## Task goal
Take the records below and print them verbatim up to and including the line that carries "Черный Форд Эскейп, объемом".

## Stored entries
◇ ◇ ◇
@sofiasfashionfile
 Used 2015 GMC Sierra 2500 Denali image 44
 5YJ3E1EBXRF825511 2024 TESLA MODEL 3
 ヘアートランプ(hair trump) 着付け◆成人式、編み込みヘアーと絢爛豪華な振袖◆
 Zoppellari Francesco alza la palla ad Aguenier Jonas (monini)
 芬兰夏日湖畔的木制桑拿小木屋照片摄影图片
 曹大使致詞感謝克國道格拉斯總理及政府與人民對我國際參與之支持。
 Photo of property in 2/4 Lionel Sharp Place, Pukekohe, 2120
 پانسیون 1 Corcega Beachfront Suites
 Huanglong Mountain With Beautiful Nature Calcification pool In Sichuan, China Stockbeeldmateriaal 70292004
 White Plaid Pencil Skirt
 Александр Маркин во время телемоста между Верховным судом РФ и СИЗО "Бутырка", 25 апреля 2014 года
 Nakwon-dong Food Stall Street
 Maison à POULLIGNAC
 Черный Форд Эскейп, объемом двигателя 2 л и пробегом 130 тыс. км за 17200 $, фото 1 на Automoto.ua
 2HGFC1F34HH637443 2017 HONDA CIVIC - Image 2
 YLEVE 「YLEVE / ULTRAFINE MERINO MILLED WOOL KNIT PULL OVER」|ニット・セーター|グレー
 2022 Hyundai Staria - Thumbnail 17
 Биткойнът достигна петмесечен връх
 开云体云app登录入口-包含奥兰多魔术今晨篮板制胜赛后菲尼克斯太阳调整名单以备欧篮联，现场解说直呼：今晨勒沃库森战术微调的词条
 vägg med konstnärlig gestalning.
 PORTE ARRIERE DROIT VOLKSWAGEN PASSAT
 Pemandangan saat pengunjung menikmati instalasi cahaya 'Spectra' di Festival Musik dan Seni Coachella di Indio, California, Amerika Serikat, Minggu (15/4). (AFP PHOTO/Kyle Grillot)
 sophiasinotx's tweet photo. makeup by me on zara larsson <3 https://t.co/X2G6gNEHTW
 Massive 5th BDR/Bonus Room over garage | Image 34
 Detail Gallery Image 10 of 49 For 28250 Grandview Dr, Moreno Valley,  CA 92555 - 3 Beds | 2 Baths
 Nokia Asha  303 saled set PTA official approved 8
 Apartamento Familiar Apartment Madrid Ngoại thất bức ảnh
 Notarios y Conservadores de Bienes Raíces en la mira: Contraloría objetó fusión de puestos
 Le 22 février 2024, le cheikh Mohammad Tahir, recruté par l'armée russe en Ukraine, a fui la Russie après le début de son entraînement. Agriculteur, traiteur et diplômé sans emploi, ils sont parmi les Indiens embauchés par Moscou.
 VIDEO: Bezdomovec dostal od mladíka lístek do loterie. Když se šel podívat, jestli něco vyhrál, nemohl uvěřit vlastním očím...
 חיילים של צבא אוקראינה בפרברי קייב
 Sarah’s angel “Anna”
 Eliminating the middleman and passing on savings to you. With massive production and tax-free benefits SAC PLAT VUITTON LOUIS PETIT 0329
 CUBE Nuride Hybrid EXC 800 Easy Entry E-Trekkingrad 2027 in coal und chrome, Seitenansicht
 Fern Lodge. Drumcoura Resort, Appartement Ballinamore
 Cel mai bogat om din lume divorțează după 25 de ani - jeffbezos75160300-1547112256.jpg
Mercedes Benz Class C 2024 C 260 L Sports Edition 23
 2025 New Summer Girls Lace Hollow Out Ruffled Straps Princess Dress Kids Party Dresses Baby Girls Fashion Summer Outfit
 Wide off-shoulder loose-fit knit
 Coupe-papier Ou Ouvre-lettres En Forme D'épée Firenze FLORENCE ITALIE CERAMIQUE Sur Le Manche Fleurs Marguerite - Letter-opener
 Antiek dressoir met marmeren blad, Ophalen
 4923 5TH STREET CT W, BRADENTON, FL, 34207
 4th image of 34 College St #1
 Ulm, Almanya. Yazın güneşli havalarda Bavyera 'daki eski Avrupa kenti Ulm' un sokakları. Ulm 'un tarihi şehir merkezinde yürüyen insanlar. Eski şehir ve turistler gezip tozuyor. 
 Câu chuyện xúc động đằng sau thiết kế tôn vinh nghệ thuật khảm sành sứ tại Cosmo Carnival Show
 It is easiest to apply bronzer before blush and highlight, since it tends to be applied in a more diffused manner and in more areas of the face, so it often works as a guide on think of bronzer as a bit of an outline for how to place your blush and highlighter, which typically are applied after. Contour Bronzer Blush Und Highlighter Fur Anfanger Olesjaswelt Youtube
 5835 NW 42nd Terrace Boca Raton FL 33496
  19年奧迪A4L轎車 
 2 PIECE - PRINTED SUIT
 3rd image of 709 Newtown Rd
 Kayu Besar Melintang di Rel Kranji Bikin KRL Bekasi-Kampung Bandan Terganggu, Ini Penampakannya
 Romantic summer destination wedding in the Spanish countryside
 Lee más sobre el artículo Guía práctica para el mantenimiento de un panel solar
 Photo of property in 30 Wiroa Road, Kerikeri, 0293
◇ ◇ ◇
## Exercise answer
@sofiasfashionfile
 Used 2015 GMC Sierra 2500 Denali image 44
 5YJ3E1EBXRF825511 2024 TESLA MODEL 3
 ヘアートランプ(hair trump) 着付け◆成人式、編み込みヘアーと絢爛豪華な振袖◆
 Zoppellari Francesco alza la palla ad Aguenier Jonas (monini)
 芬兰夏日湖畔的木制桑拿小木屋照片摄影图片
 曹大使致詞感謝克國道格拉斯總理及政府與人民對我國際參與之支持。
 Photo of property in 2/4 Lionel Sharp Place, Pukekohe, 2120
 پانسیون 1 Corcega Beachfront Suites
 Huanglong Mountain With Beautiful Nature Calcification pool In Sichuan, China Stockbeeldmateriaal 70292004
 White Plaid Pencil Skirt
 Александр Маркин во время телемоста между Верховным судом РФ и СИЗО "Бутырка", 25 апреля 2014 года
 Nakwon-dong Food Stall Street
 Maison à POULLIGNAC
 Черный Форд Эскейп, объемом двигателя 2 л и пробегом 130 тыс. км за 17200 $, фото 1 на Automoto.ua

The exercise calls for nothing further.